Remco Evenepoel staat voor een uitdagende maar aartsmoeilijke opdracht. Zijn eerste Tour de France, en al meteen mag hij het opnemen tegen alle kleppers dat wielerland rijk is. Hoe zal hij het ervan af brengen?
Beperkingen bergop
Sowieso mag Evenepoel een mooi klassement ambiëren, maar om meteen naar het podium laat staat eindwinst te kijken lijkt toch iets te ambitieus. En dat valt voornamelijk te wijten aan het feit dat hij in het hooggebergte toch iets minder is dan de andere toppers.
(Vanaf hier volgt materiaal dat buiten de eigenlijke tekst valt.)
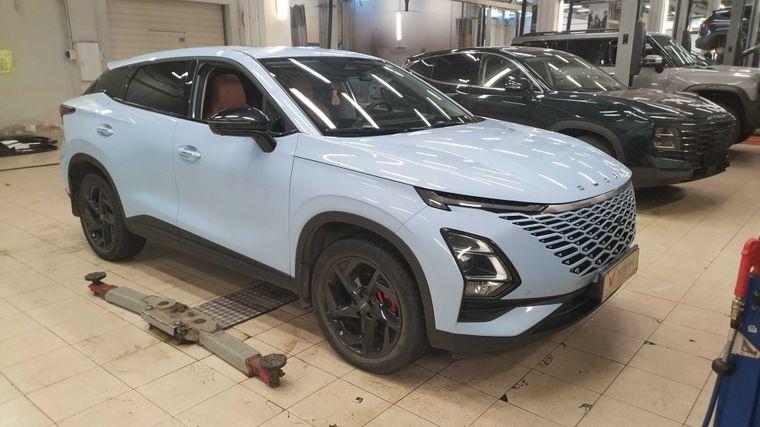 Omoda C5 2023 года, 61 177 км - вид 2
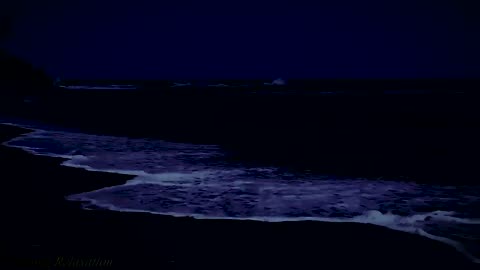 Fall Asleep with Ocean Music | Calming Sounds for Insomnia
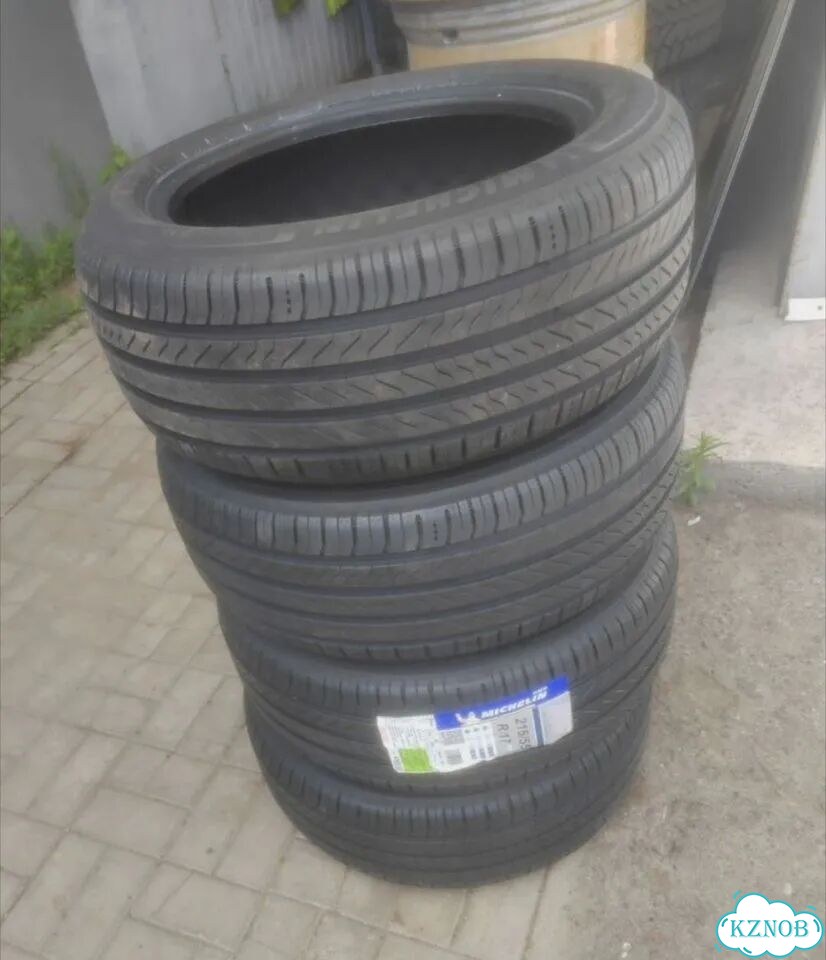 Michelin Primacy 5 215/55 R17 94V фото 2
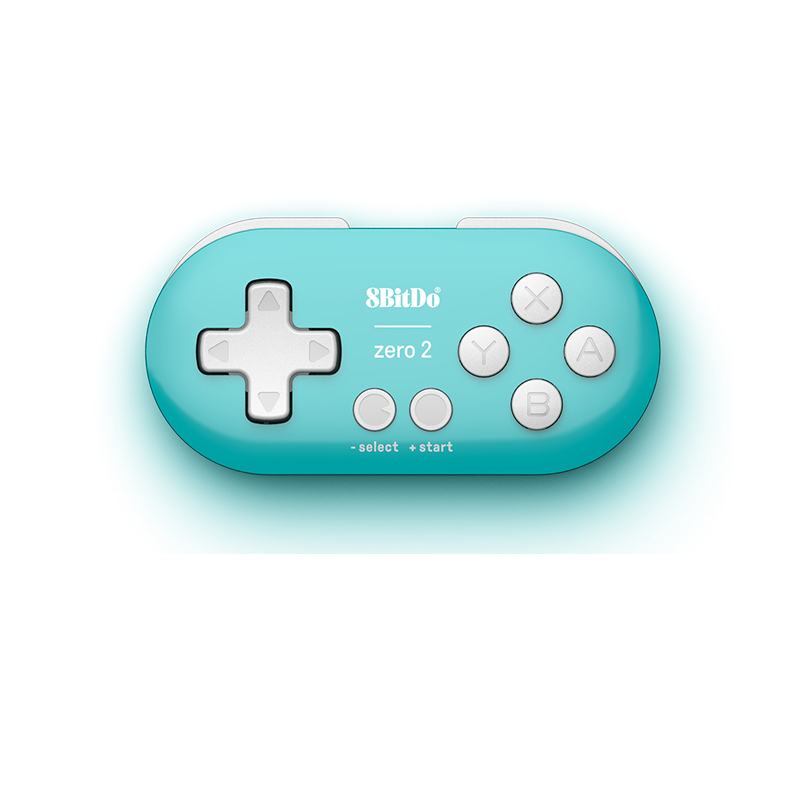 คอนโทรลเลอร์เกม 8BitDo Zero 2  - Gaming Accessories For Android บทวิจารณ์และราคา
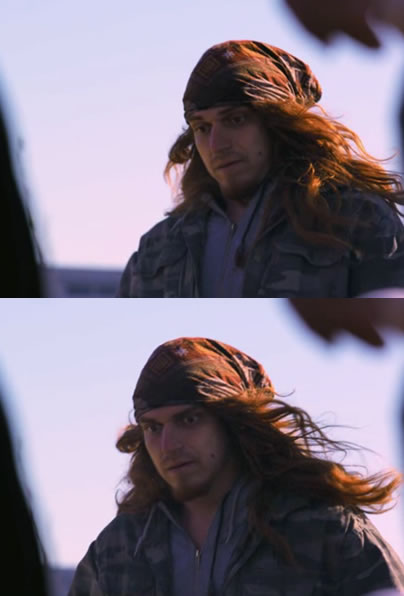 Here's an analysis of the image, broken down into sections, touching on requested theoretical frameworks where relevant. Because the image is relatively simple, certain frameworks will yield less detailed analysis tha...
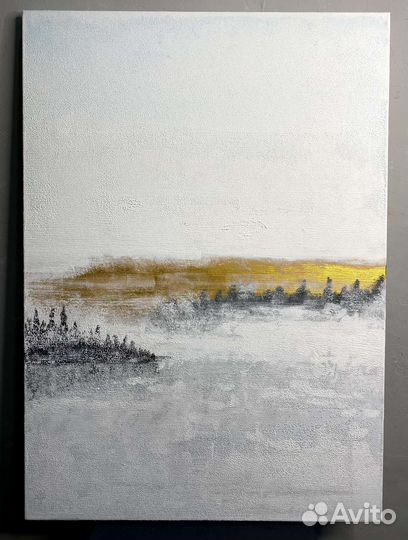 Интерьерная картина большая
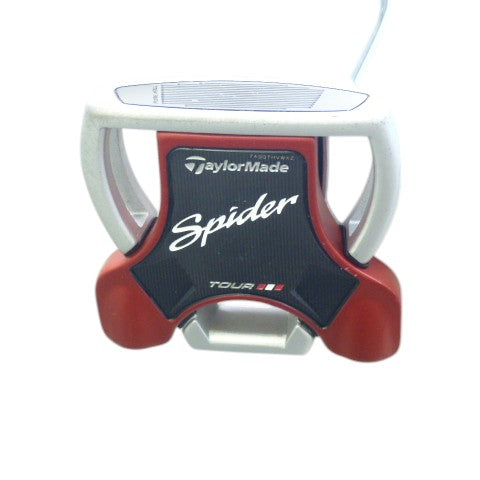 TaylorMade: Spider Tour Platinum DB Putter Steel Right Hand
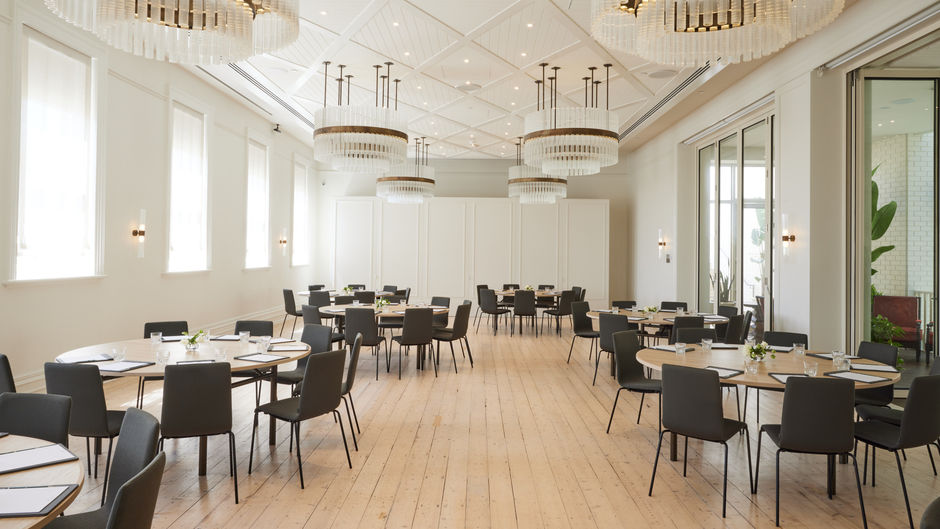 InterContinental Mornington Peninsula Ballroom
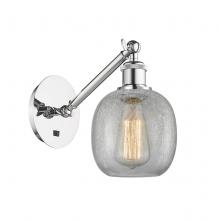 Innovations Lighting 317-1W-PC-G105 - Belfast - 1 Light - 6 inch - Polished Chrome - Sconce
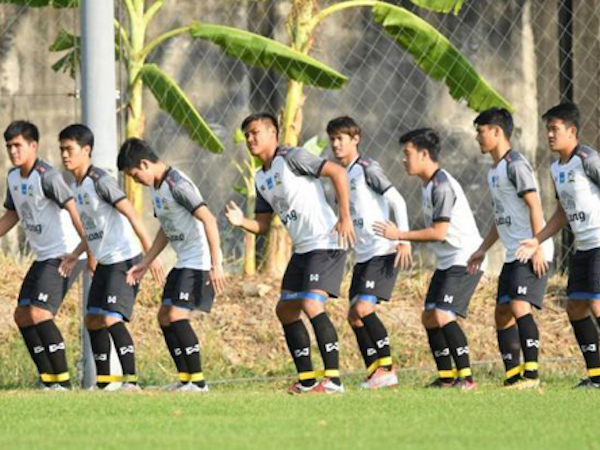Thái Lan tổn thất nghiêm trọng trước thềm vòng chung kết U23 châu Á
Dat heeft hij zelf al mogen ondervinden, en is Evenepoel daarover ook zeer eerlijk in een interview met Het Nieuwsblad. “Bergop lossen uit een groep waar nog twaalf renners overblijven, ik heb het Pogacar of Vingegaard nog nooit zien doen”, klinkt het daar. “Er zijn er zeker die sterker zijn in de cols. Voor mij is het in het hooggebergte vooral aanhaken.”
Tijdrit als troef
Evenepoel weet dan ook dat hij het op een andere manier zal moeten aanpakken. “Ik ben als ronderenner geëvolueerd naar een type zoals Miguel Indurain. Waarschijnlijk niet de beste klimmer, maar wel één van de beste rouleurs of tijdrijders van de wereld.”
“Als ik een Tour kan winnen, zal het op die manier Indurain moeten gebeuren. Jammer genoeg zijn er geen tijdritten meer van zeventig kilometer. Wat mij betreft mogen ze die meteen opnieuw invoeren (lacht).”
En dan nog maar eens: wanneer zal hij tevreden zijn? “Aankomen in Nice, dat zou al een succes zijn (lacht). Neen, ik hoop dat ik vooruitgang kan maken als klassementsrenner. Het is in een koers van drie weken moeilijk om daar een specifieke plaats in het klassement aan te koppelen. Ik hoop dat ik de besten bergop zo lang mogelijk kan volgen. Met ook een ritzege onderweg.”